Your answer must be the lines from the top of the listing below through the line that holds "Digitalis lanata Café", retyped exactly, with no pictures.

-- Opening Marker --

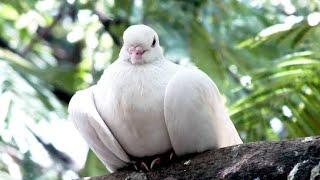 I Buyed 2 Pairs of Doves Breeding Pairs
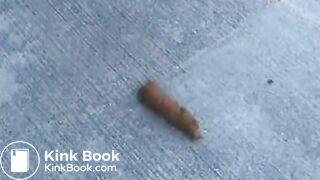 Cutie Camryn Pees and Poops on a Park Bench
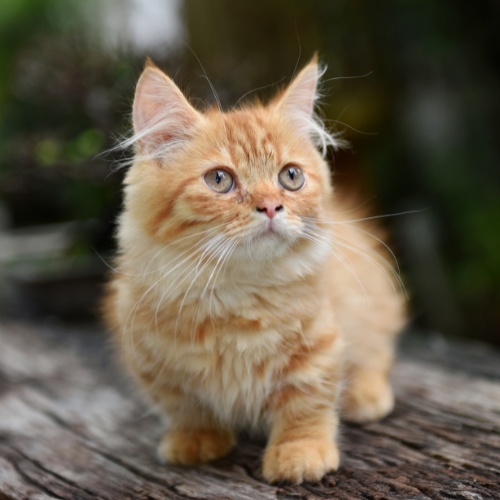 A lovely clear Munchkin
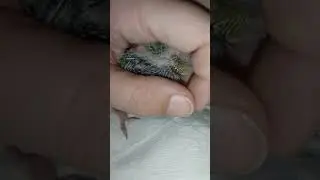 🐣2 Week Old Cockatiel Baby, Crop Digestion And Contractions & 6 Week Old Playful Albino Cockatiel🐣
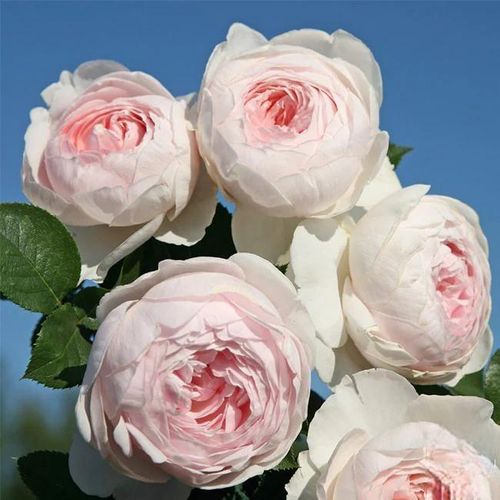 Climbing Rose Seeds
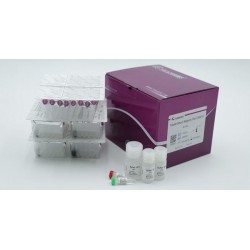 EndoFree Mini Plasmid Kit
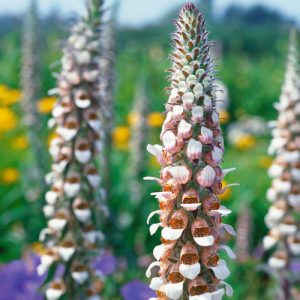 Digitalis lanata Café Crème - Gyapjas gyűszűvirág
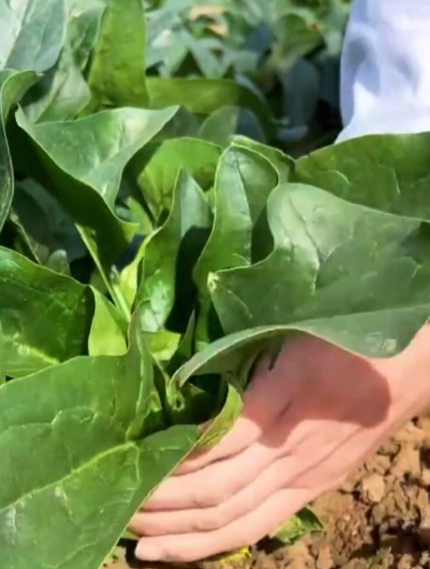 种植大叶菠菜有一点很重要,掌握“习性”,菠菜才能长得又大又壮!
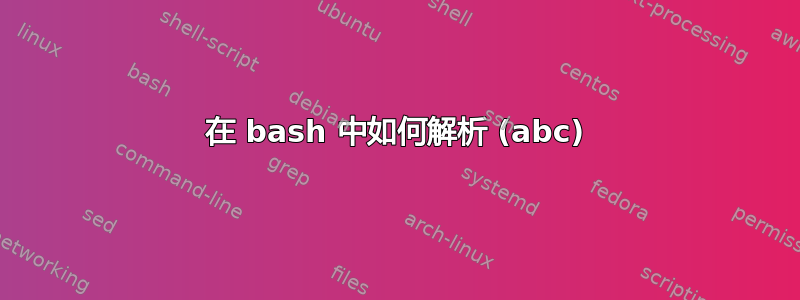 在 bash 中如何解析 (abc)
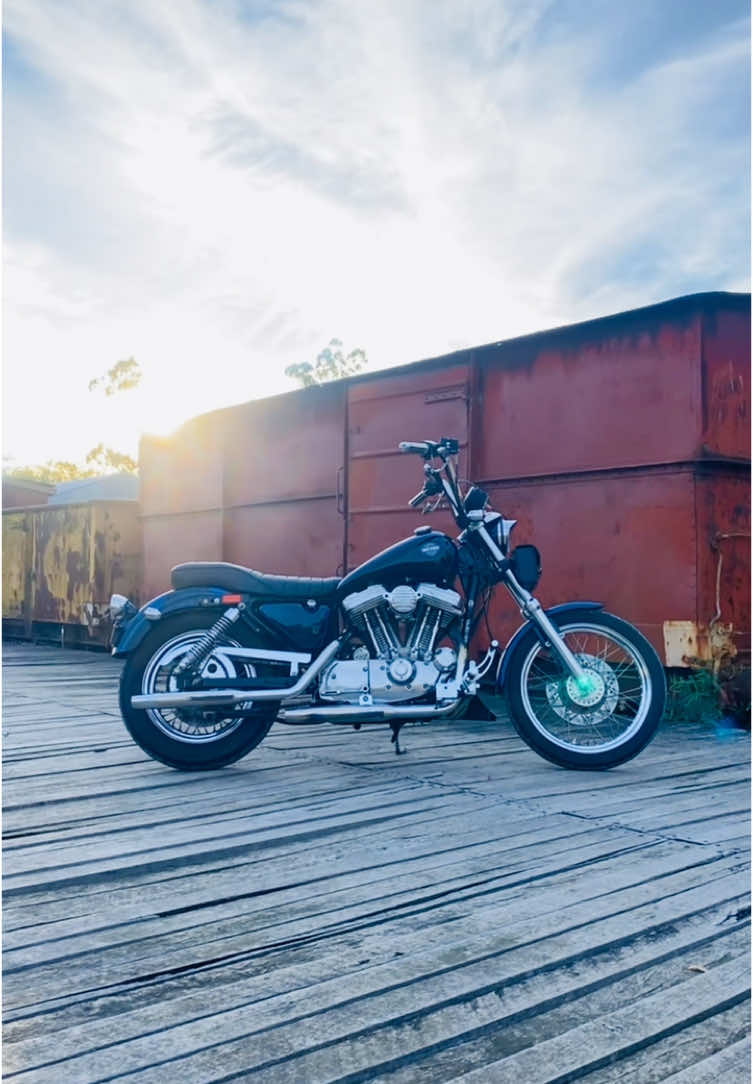 @Munnecke Rod & Custom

-- Closing Marker --

Answer for this exercise:
 I Buyed 2 Pairs of Doves Breeding Pairs
 Cutie Camryn Pees and Poops on a Park Bench
 A lovely clear Munchkin
 🐣2 Week Old Cockatiel Baby, Crop Digestion And Contractions & 6 Week Old Playful Albino Cockatiel🐣
 Climbing Rose Seeds
 EndoFree Mini Plasmid Kit
 Digitalis lanata Café Crème - Gyapjas gyűszűvirág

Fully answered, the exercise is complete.